Его звезда ярко загорелась годом раньше во время знаменитого дрейфа «папанинской льдины». Отто Шмидт тогда настаивал, чтобы экспедицию возглавил профессор Визе. Однако Визе отказался, ссылаясь на состояние здоровья и возраст (хотя ему только что исполнилось пятьдесят). Вместо всемирно известного ученого во главе экспедиции поставили Ивана Папанина, который был славен недюжинными организаторскими способностями и еще – зверствами в Крыму во время Гражданской войны (впрочем, в ту пору это считалось доблестью). По всем сценам страны уже десятилетие шла пьеса Тренева «Любовь Яровая». Молва утверждала, что образ матроса Шванди, «братка» - беспощадного борца со всяческой контрой - драматург писал именно с Ивана Папанина.

Из архивов
«Рабочий, большевик, он жестоко ненавидит паразитов, шкурников, эксплуататоров, всех врагов революции и рабочего класса. Боец, отважный исследователь тайн природы – он нежно любит своих товарищей, соратников по труду и борьбе.
Мы видим его в 1917 году, в Крыму, обыскивающим дворцы и виллы княжеских, великокняжеских и царских фамилий.
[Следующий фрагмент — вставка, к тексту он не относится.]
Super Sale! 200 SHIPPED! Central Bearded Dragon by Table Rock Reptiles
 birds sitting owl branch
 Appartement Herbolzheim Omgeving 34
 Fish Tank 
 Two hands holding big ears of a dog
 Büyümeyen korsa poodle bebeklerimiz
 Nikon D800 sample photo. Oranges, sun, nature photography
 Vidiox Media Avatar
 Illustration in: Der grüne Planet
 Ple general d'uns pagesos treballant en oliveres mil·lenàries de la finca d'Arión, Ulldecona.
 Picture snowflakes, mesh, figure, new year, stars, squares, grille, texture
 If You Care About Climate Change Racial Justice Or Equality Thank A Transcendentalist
Он беспощаден. С уверенностью в правоте своего дела он уничтожает эти гнезда родовитых бездельников и палачей...
Девятнадцатый год. Эшелон красных бойцов двигается по Украине на север. На одной станции Папанин ловит стрелочника на том, что тот перевел стрелки не туда, куда надо было, а в противоположную сторону, на юг, где – неизбежное окружение и гибель. Несколько вопросов, и Папанин выясняет, что это вовсе не стрелочник, а переодетый белогвардейский офицер. Матросы расстреляли белобандита на месте».

Журнал «Советская Арктика»


На посту заместителя начальника, а фактически уже будучи полноправным хозяином Севморпути, Папанин решительно продолжил дело, которое «мягкотелый интеллигент» Шмидт никак не мог довести до конца.
«Благодаря замечательной работе нашего славного Наркомвнудела во главе с всенародным любимцем т. Ежовым, - радовался Папанин, - мы в значительной степени освободились от врагов. Но в этой области сделано еще не все...». И полетели головы тех, кто еще продолжал верить, что «там, за далью непогоды, есть блаженная страна»...
Дошла, наконец, очередь и до ненавистного интеллигента Бориса Лаврова: «В Нордвикстрое, - стучал пухленьким кулачком Папанин, - царит бесконтрольность. Надо крепко взяться за Нордвикстрой и перейти от слов к делу». И перешли...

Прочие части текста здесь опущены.